20. President Lyndon Johnson Had Three Beagles
US President Lyndon Johnson had three beagles named “Him,” “Her,” and “Edgar.” The third was named for J. Edgar Hoover, the Director of the FBI. He had given Johnson the beagle after Him and Her passed away. Him sired a litter of puppies during Johnson’s time in the White House and the president’s daughter, Luci, took two of them.
21. Beagles Are Poor Guard Dogs
Beagles are known for being friendly and social, which is great for a family dog. If you want a guard dog, however, these dogs are too trusting of strangers and easy to get past. Worse yet, a burglar with food can easily bribe a beagle to get in the door.
22. A Famous Beagle Could Smell Pregnancy
Beagles are used for a lot of scent jobs, including smelling pregnancy. A beagle named Elvis was trained to determine whether a polar bear is pregnant by smelling her poop, allowing zookeepers to determine if the bears are pregnant or exhibiting pseudopregnancy. Elvis can identify samples from possibly pregnant females with 97% accuracy.
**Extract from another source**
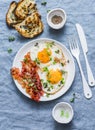 Traditional breakfast or snack - fried eggs, bacon, grilled bread on blue background, top view. Royalty Free Stock Photo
23. Beagles Are Prone to Separation Anxiety
Beagles get attached to their owners and may develop separation anxiety. When mild, this leads to a lot of barking and whining, but it could get severe enough for destructive behaviors. Beagles should be crate trained as puppies to teach them independence and discourage destructive behaviors and separation anxiety.
24. Beagles Like Other Beagles
All dogs are pack dogs, but beagles were specifically bred to live and hunt in packs. They enjoy spending time with humans and other pets, but they do best in the company of other beagles. If possible, consider getting another beagle for companionship.
Beagles are one of the most popular dog breeds for good reason! These cute, quirky little hound dogs are highly trainable and super friendly, which makes them popular for pet owners of all types. They also have some fun and interesting facts to go along with their unique personalities.